| Task goal |
Every record below must be copied exactly, with images dropped.

| Stored entries |
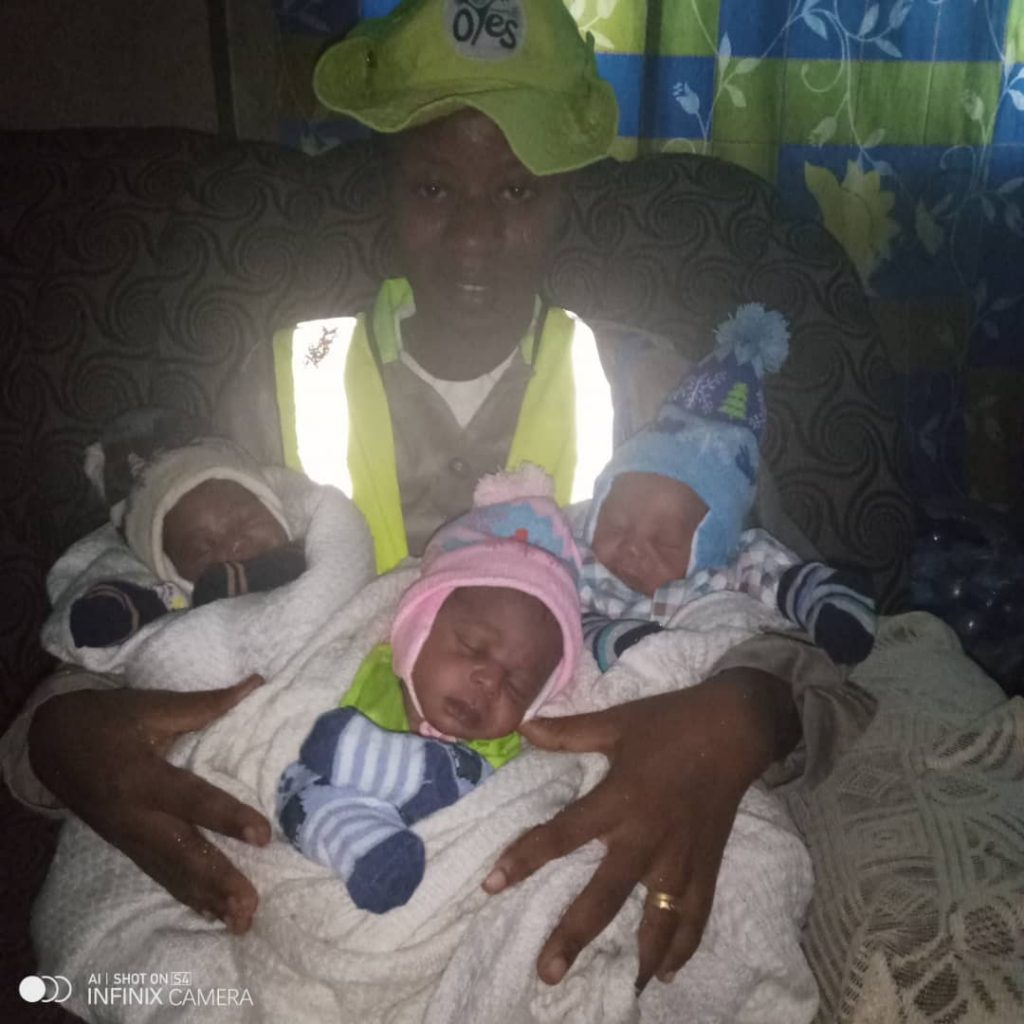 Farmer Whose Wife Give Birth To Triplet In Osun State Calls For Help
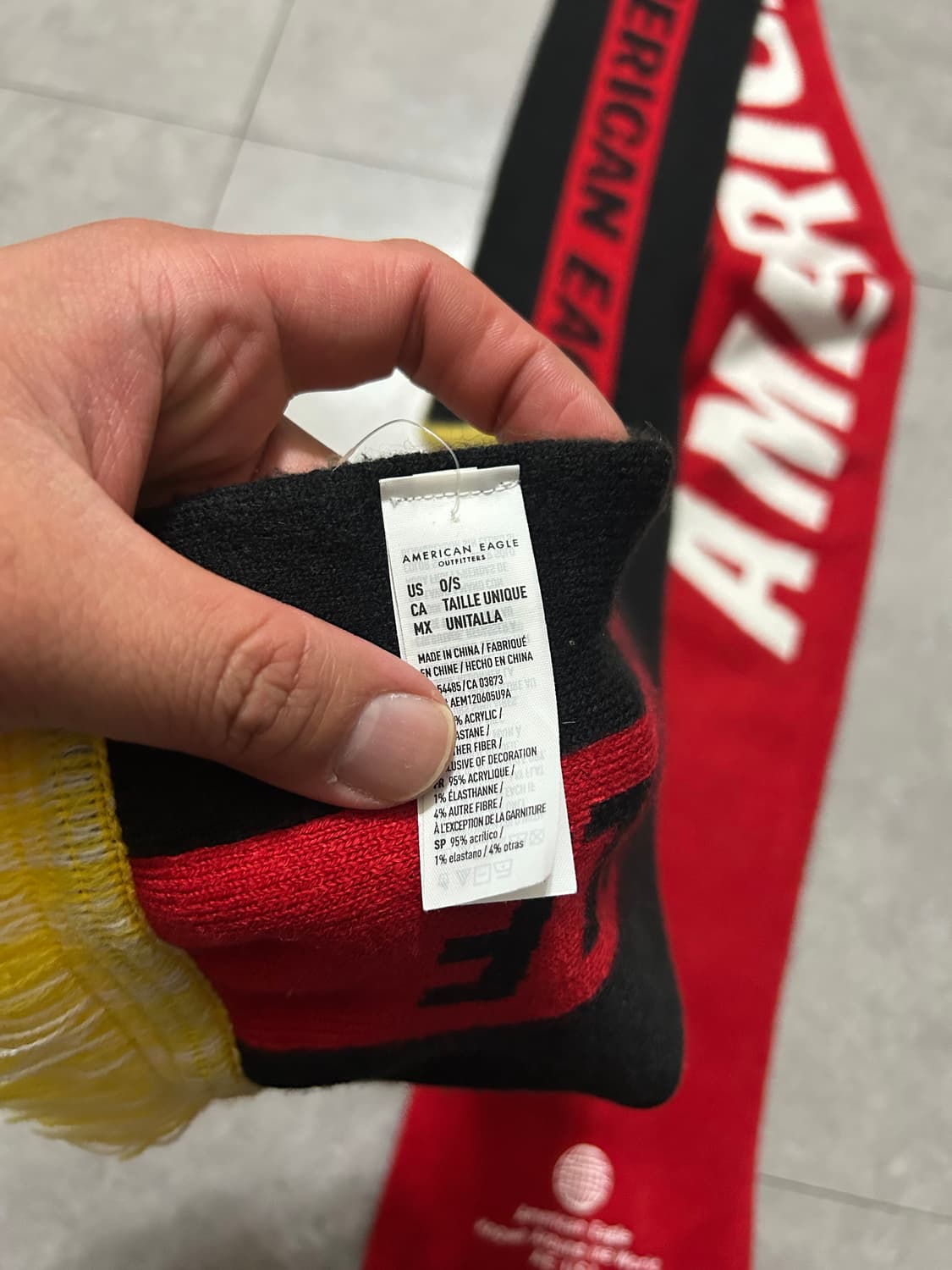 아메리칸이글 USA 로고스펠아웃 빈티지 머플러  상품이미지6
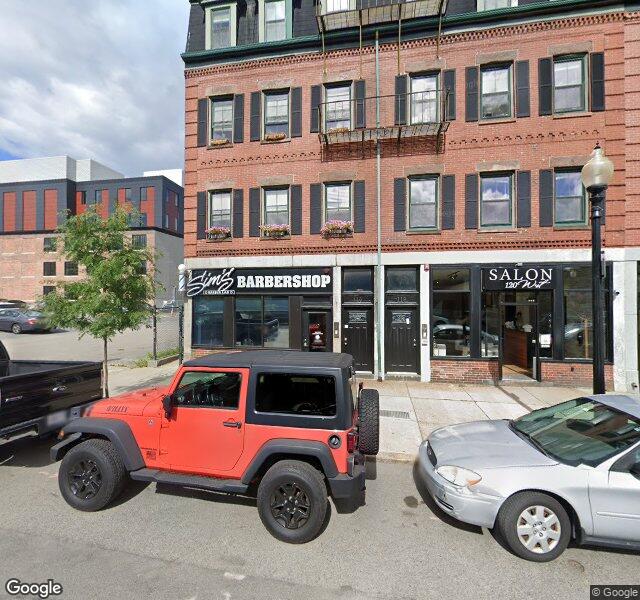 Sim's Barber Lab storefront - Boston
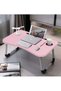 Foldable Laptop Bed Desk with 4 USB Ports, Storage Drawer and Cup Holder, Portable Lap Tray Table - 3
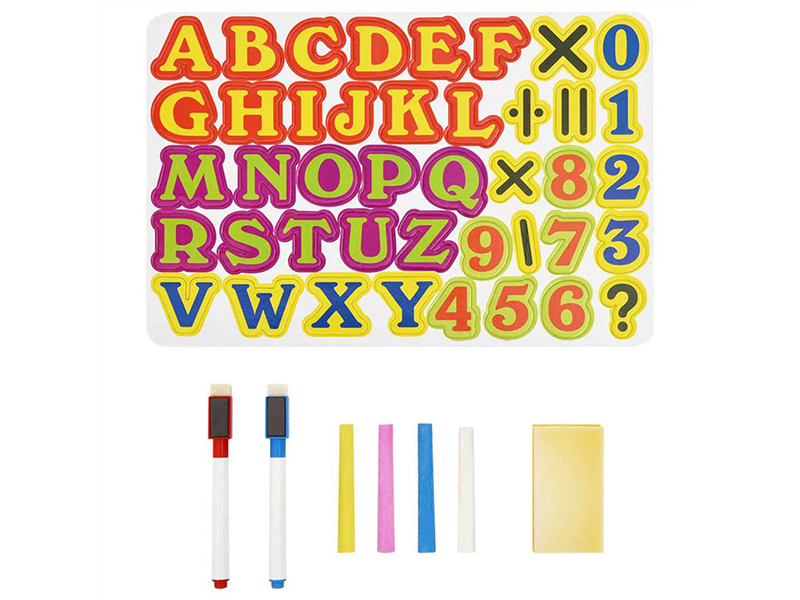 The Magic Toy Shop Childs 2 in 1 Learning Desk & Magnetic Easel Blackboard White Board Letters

| Task answer |
 Farmer Whose Wife Give Birth To Triplet In Osun State Calls For Help
 아메리칸이글 USA 로고스펠아웃 빈티지 머플러  상품이미지6
 Sim's Barber Lab storefront - Boston
 Foldable Laptop Bed Desk with 4 USB Ports, Storage Drawer and Cup Holder, Portable Lap Tray Table - 3
 The Magic Toy Shop Childs 2 in 1 Learning Desk & Magnetic Easel Blackboard White Board Letters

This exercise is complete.